» Activity
All of the entries need to be copied character for character.

» Supplied material
== == ==

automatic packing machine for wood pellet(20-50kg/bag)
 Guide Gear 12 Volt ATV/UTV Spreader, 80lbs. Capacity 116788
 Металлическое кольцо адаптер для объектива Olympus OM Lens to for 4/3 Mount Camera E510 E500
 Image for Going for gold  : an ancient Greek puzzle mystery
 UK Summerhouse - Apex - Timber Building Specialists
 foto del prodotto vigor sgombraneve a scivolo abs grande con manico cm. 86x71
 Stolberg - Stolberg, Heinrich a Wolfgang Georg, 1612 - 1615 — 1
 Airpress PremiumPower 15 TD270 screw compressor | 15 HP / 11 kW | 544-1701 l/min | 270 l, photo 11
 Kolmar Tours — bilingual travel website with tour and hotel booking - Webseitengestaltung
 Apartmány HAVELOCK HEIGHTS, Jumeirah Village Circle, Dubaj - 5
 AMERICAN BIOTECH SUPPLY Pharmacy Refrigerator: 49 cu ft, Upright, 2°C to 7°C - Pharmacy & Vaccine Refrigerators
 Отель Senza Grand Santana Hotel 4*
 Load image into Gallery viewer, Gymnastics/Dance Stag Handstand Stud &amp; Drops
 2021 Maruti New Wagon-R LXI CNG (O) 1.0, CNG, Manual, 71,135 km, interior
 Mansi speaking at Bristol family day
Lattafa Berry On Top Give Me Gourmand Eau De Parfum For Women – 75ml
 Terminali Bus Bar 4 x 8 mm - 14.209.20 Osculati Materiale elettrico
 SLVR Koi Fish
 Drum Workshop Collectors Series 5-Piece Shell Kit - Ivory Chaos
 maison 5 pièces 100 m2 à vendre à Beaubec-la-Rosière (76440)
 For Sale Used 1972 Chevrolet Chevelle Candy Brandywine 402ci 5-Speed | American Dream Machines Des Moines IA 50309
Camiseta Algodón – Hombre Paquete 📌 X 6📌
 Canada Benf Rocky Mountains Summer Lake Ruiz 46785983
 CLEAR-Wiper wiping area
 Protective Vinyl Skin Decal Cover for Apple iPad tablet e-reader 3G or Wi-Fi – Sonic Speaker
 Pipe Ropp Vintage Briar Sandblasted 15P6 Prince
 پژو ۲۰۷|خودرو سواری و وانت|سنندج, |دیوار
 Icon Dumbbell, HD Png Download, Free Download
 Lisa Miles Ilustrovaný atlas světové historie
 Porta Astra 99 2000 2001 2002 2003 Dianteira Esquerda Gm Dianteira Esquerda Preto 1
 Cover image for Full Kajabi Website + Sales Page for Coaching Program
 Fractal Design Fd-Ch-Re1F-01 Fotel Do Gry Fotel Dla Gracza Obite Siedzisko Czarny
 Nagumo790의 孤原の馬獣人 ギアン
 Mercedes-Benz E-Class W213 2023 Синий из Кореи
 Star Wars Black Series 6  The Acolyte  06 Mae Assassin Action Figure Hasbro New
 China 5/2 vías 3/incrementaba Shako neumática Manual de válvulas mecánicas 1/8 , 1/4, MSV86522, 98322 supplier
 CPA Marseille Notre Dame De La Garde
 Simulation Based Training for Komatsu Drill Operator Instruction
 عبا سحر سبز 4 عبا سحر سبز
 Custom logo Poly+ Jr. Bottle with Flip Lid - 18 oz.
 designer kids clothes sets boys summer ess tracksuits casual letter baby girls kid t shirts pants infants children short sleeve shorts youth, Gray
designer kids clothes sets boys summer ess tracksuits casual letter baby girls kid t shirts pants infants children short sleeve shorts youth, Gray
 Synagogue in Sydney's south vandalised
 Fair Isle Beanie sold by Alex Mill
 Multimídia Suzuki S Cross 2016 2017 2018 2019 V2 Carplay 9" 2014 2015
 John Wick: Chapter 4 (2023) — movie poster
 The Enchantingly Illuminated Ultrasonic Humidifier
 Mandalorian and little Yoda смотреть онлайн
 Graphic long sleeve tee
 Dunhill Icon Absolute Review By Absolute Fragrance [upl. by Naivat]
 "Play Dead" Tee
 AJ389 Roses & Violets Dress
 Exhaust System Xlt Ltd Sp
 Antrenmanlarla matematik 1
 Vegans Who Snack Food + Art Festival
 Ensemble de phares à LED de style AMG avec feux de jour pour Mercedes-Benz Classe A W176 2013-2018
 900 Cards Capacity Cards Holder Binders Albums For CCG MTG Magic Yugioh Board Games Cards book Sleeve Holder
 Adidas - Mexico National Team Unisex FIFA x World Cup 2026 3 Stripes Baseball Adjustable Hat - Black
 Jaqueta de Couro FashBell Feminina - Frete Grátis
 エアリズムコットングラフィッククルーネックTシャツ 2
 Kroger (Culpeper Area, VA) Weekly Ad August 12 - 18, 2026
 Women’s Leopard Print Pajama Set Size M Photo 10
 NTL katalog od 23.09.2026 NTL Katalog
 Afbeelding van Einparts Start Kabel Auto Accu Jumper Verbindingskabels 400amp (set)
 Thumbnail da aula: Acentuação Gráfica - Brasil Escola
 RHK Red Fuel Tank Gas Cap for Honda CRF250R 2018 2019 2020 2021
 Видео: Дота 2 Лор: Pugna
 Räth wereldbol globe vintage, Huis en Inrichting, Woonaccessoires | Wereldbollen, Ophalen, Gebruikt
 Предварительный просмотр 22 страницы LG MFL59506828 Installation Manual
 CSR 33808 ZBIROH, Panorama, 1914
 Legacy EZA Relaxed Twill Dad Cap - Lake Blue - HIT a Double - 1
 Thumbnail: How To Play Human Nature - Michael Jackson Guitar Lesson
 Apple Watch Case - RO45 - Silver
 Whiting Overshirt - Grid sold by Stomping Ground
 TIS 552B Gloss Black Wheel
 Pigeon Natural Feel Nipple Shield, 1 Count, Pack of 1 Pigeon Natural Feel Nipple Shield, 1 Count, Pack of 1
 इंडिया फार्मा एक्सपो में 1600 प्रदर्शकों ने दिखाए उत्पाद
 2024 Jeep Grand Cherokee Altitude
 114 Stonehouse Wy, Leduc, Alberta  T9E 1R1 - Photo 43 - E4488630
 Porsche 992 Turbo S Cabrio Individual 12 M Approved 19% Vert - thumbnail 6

== == ==

» Result
automatic packing machine for wood pellet(20-50kg/bag)
 Guide Gear 12 Volt ATV/UTV Spreader, 80lbs. Capacity 116788
 Металлическое кольцо адаптер для объектива Olympus OM Lens to for 4/3 Mount Camera E510 E500
 Image for Going for gold  : an ancient Greek puzzle mystery
 UK Summerhouse - Apex - Timber Building Specialists
 foto del prodotto vigor sgombraneve a scivolo abs grande con manico cm. 86x71
 Stolberg - Stolberg, Heinrich a Wolfgang Georg, 1612 - 1615 — 1
 Airpress PremiumPower 15 TD270 screw compressor | 15 HP / 11 kW | 544-1701 l/min | 270 l, photo 11
 Kolmar Tours — bilingual travel website with tour and hotel booking - Webseitengestaltung
 Apartmány HAVELOCK HEIGHTS, Jumeirah Village Circle, Dubaj - 5
 AMERICAN BIOTECH SUPPLY Pharmacy Refrigerator: 49 cu ft, Upright, 2°C to 7°C - Pharmacy & Vaccine Refrigerators
 Отель Senza Grand Santana Hotel 4*
 Load image into Gallery viewer, Gymnastics/Dance Stag Handstand Stud &amp; Drops
 2021 Maruti New Wagon-R LXI CNG (O) 1.0, CNG, Manual, 71,135 km, interior
 Mansi speaking at Bristol family day
Lattafa Berry On Top Give Me Gourmand Eau De Parfum For Women – 75ml
 Terminali Bus Bar 4 x 8 mm - 14.209.20 Osculati Materiale elettrico
 SLVR Koi Fish
 Drum Workshop Collectors Series 5-Piece Shell Kit - Ivory Chaos
 maison 5 pièces 100 m2 à vendre à Beaubec-la-Rosière (76440)
 For Sale Used 1972 Chevrolet Chevelle Candy Brandywine 402ci 5-Speed | American Dream Machines Des Moines IA 50309
Camiseta Algodón – Hombre Paquete 📌 X 6📌
 Canada Benf Rocky Mountains Summer Lake Ruiz 46785983
 CLEAR-Wiper wiping area
 Protective Vinyl Skin Decal Cover for Apple iPad tablet e-reader 3G or Wi-Fi – Sonic Speaker
 Pipe Ropp Vintage Briar Sandblasted 15P6 Prince
 پژو ۲۰۷|خودرو سواری و وانت|سنندج, |دیوار
 Icon Dumbbell, HD Png Download, Free Download
 Lisa Miles Ilustrovaný atlas světové historie
 Porta Astra 99 2000 2001 2002 2003 Dianteira Esquerda Gm Dianteira Esquerda Preto 1
 Cover image for Full Kajabi Website + Sales Page for Coaching Program
 Fractal Design Fd-Ch-Re1F-01 Fotel Do Gry Fotel Dla Gracza Obite Siedzisko Czarny
 Nagumo790의 孤原の馬獣人 ギアン
 Mercedes-Benz E-Class W213 2023 Синий из Кореи
 Star Wars Black Series 6  The Acolyte  06 Mae Assassin Action Figure Hasbro New
 China 5/2 vías 3/incrementaba Shako neumática Manual de válvulas mecánicas 1/8 , 1/4, MSV86522, 98322 supplier
 CPA Marseille Notre Dame De La Garde
 Simulation Based Training for Komatsu Drill Operator Instruction
 عبا سحر سبز 4 عبا سحر سبز
 Custom logo Poly+ Jr. Bottle with Flip Lid - 18 oz.
 designer kids clothes sets boys summer ess tracksuits casual letter baby girls kid t shirts pants infants children short sleeve shorts youth, Gray
designer kids clothes sets boys summer ess tracksuits casual letter baby girls kid t shirts pants infants children short sleeve shorts youth, Gray
 Synagogue in Sydney's south vandalised
 Fair Isle Beanie sold by Alex Mill
 Multimídia Suzuki S Cross 2016 2017 2018 2019 V2 Carplay 9" 2014 2015
 John Wick: Chapter 4 (2023) — movie poster
 The Enchantingly Illuminated Ultrasonic Humidifier
 Mandalorian and little Yoda смотреть онлайн
 Graphic long sleeve tee
 Dunhill Icon Absolute Review By Absolute Fragrance [upl. by Naivat]
 "Play Dead" Tee
 AJ389 Roses & Violets Dress
 Exhaust System Xlt Ltd Sp
 Antrenmanlarla matematik 1
 Vegans Who Snack Food + Art Festival
 Ensemble de phares à LED de style AMG avec feux de jour pour Mercedes-Benz Classe A W176 2013-2018
 900 Cards Capacity Cards Holder Binders Albums For CCG MTG Magic Yugioh Board Games Cards book Sleeve Holder
 Adidas - Mexico National Team Unisex FIFA x World Cup 2026 3 Stripes Baseball Adjustable Hat - Black
 Jaqueta de Couro FashBell Feminina - Frete Grátis
 エアリズムコットングラフィッククルーネックTシャツ 2
 Kroger (Culpeper Area, VA) Weekly Ad August 12 - 18, 2026
 Women’s Leopard Print Pajama Set Size M Photo 10
 NTL katalog od 23.09.2026 NTL Katalog
 Afbeelding van Einparts Start Kabel Auto Accu Jumper Verbindingskabels 400amp (set)
 Thumbnail da aula: Acentuação Gráfica - Brasil Escola
 RHK Red Fuel Tank Gas Cap for Honda CRF250R 2018 2019 2020 2021
 Видео: Дота 2 Лор: Pugna
 Räth wereldbol globe vintage, Huis en Inrichting, Woonaccessoires | Wereldbollen, Ophalen, Gebruikt
 Предварительный просмотр 22 страницы LG MFL59506828 Installation Manual
 CSR 33808 ZBIROH, Panorama, 1914
 Legacy EZA Relaxed Twill Dad Cap - Lake Blue - HIT a Double - 1
 Thumbnail: How To Play Human Nature - Michael Jackson Guitar Lesson
 Apple Watch Case - RO45 - Silver
 Whiting Overshirt - Grid sold by Stomping Ground
 TIS 552B Gloss Black Wheel
 Pigeon Natural Feel Nipple Shield, 1 Count, Pack of 1 Pigeon Natural Feel Nipple Shield, 1 Count, Pack of 1
 इंडिया फार्मा एक्सपो में 1600 प्रदर्शकों ने दिखाए उत्पाद
 2024 Jeep Grand Cherokee Altitude
 114 Stonehouse Wy, Leduc, Alberta  T9E 1R1 - Photo 43 - E4488630
 Porsche 992 Turbo S Cabrio Individual 12 M Approved 19% Vert - thumbnail 6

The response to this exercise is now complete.